* [Records for the exercise]
====================

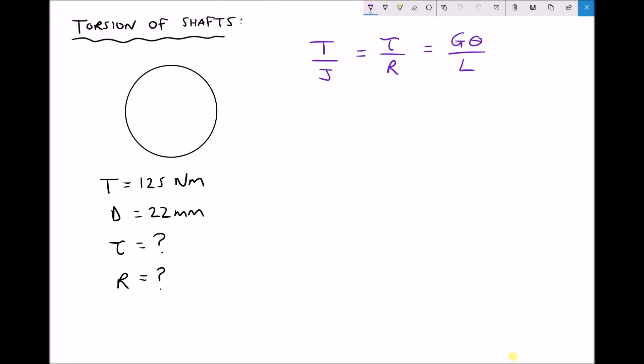In this video we are going to look at how we can apply the general torsion equation in order to calculate shear stresses and angle of twist or angle of deflection on various different shafts. The first thing to note is that we have a three-part equation, much like the bending equation, and we need to select the appropriate terms before we carry out any calculations. We'll see how to do that when we look at some examples.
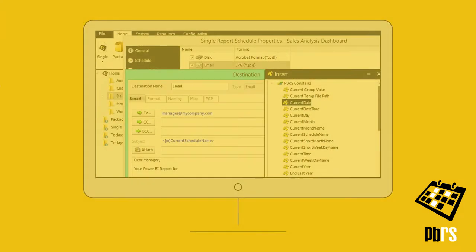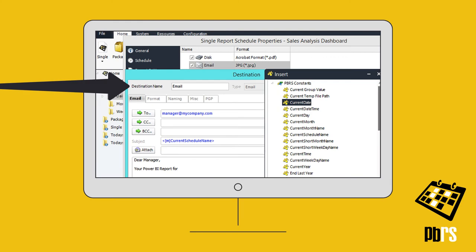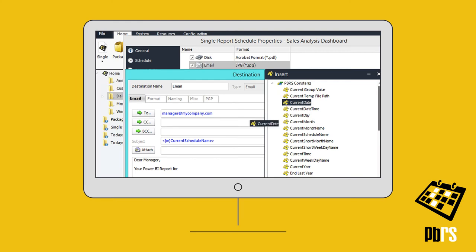Whilst editing the scheduled destination email body, simply choose Insert and then drag and drop the required fields.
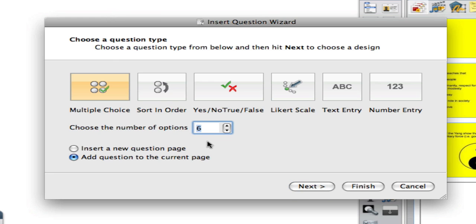For this question I'm going to have four possible answers, so I'm going to change that. I'm starting on a blank page so I'm going to add the question to my current page, but if it wasn't a blank page I could add it to a new page.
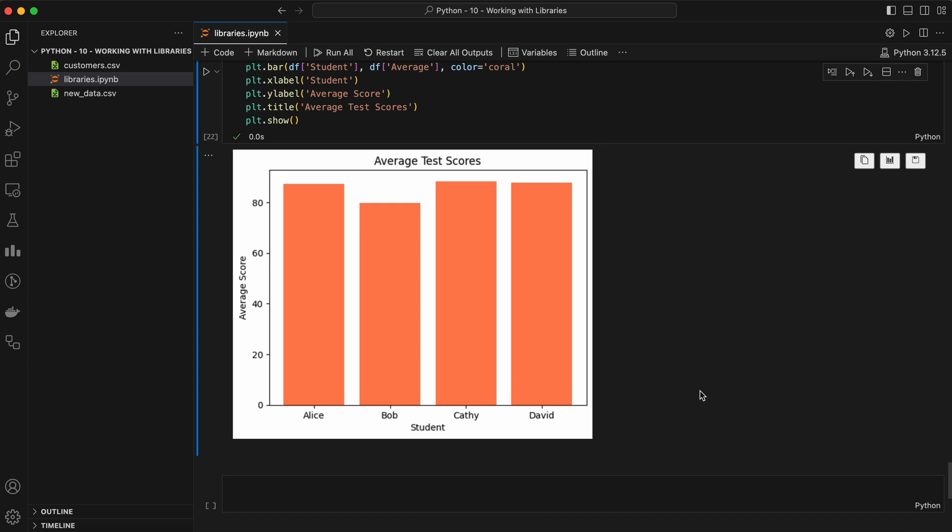As you can see, these libraries can be used together to form a powerful data analysis and visualization pipeline. Whether you're working on a small project or handling large datasets, NumPy, Pandas, and Matplotlib provide the tools you need to succeed. What kind of data would you like to analyze with Python? Whether it's your personal budget, sports statistics, or anything else, let us know in the comments and maybe we'll use your suggestion in a future example.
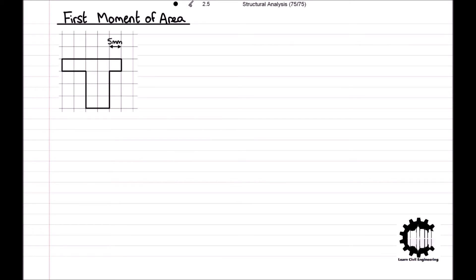The last method we will introduce today uses the concept of the first moment of area. The centroid of a complex region can be determined by dividing the region into simpler sections and then using the weighted average of the different regions. To demonstrate this method we will consider the following irregular T section. The first step is to establish a set of coordinate axes — for this example we set the X and Y axes such that the bottom edge of the T section is at Y = 0 and the left edge is at X = 0. The next step is to divide the section into simpler shapes; here the section can be divided into two rectangles.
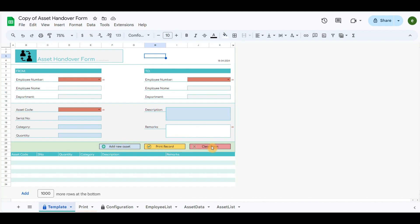The clear form will clear all the data recorded in this tab. The print record will grab the complete details of the page and prepare it in printable form. Button Add New Asset will automatically grab the details of the asset and add it to the list.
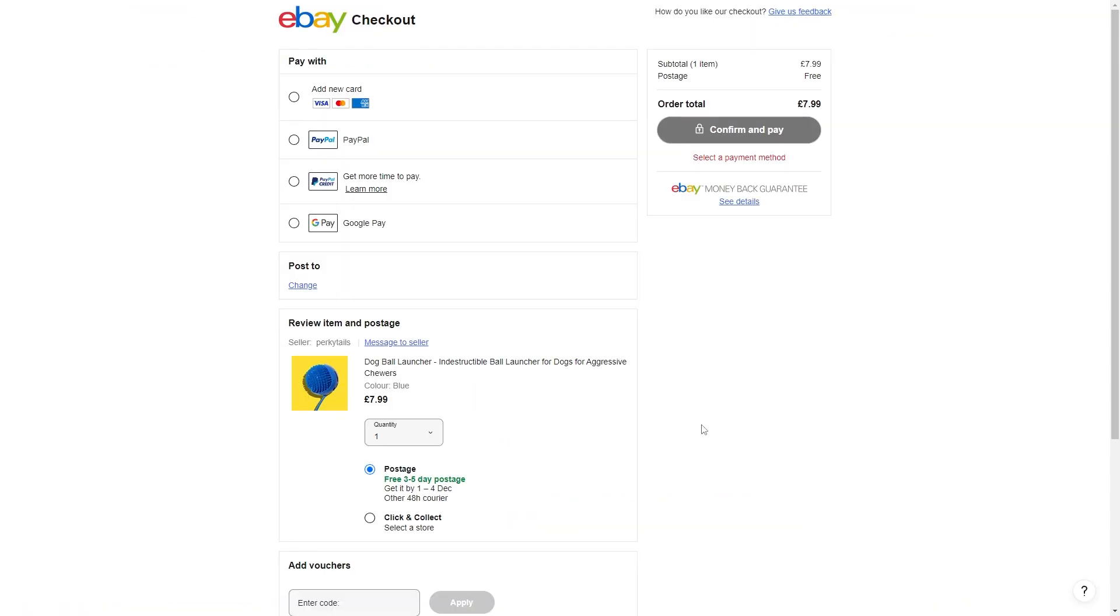So as we can see as our payment method we can see a new card, PayPal, PayPal credit and also Google Pay, but there's not yet an option for Apple Pay. So how do we go about doing it?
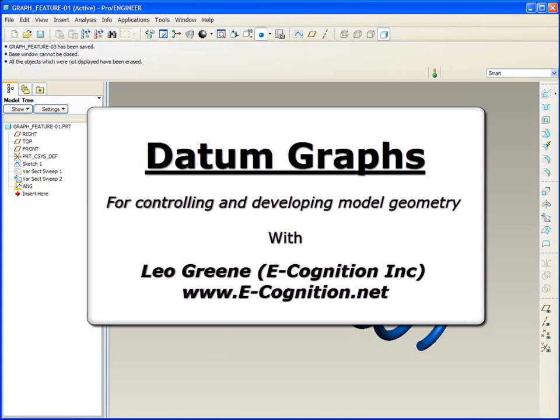Welcome to PTC Express Video Tip of the Month. My name is Leo Green. Over the next 10 minutes, we're going to explore the application of the datum graph feature. Not the graph as a result of some analysis, but the datum graph feature that drives and controls your geometry.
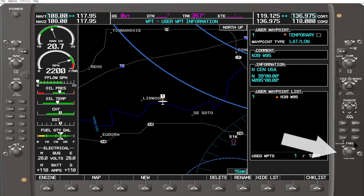To advance the position on the lat-long, rotate the outer FMS knob to the next position. And if you overshot the number, you can use the outer FMS knob to return to the previous position. Use the inner FMS knob to change the number. I'm going to advance the outer FMS knob to the next position, and if I overshot, go back and rotate the inner FMS knob to a desired number.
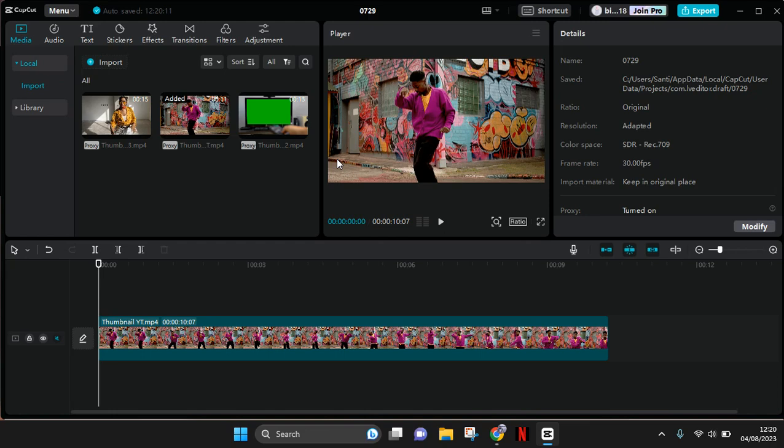Hi guys, back with me again in this channel. On today's tutorial I'm going to show you the green screen tutorial on CapCut PC. So if you want to use green screen, here's how you can do it.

====================

Nothing but the lines from the line containing "The clear form" through the last line of the records above should be written out, exactly and without the pictures.

The clear form will clear all the data recorded in this tab. The print record will grab the complete details of the page and prepare it in printable form. Button Add New Asset will automatically grab the details of the asset and add it to the list.
So as we can see as our payment method we can see a new card, PayPal, PayPal credit and also Google Pay, but there's not yet an option for Apple Pay. So how do we go about doing it?
Welcome to PTC Express Video Tip of the Month. My name is Leo Green. Over the next 10 minutes, we're going to explore the application of the datum graph feature. Not the graph as a result of some analysis, but the datum graph feature that drives and controls your geometry.
To advance the position on the lat-long, rotate the outer FMS knob to the next position. And if you overshot the number, you can use the outer FMS knob to return to the previous position. Use the inner FMS knob to change the number. I'm going to advance the outer FMS knob to the next position, and if I overshot, go back and rotate the inner FMS knob to a desired number.
Hi guys, back with me again in this channel. On today's tutorial I'm going to show you the green screen tutorial on CapCut PC. So if you want to use green screen, here's how you can do it.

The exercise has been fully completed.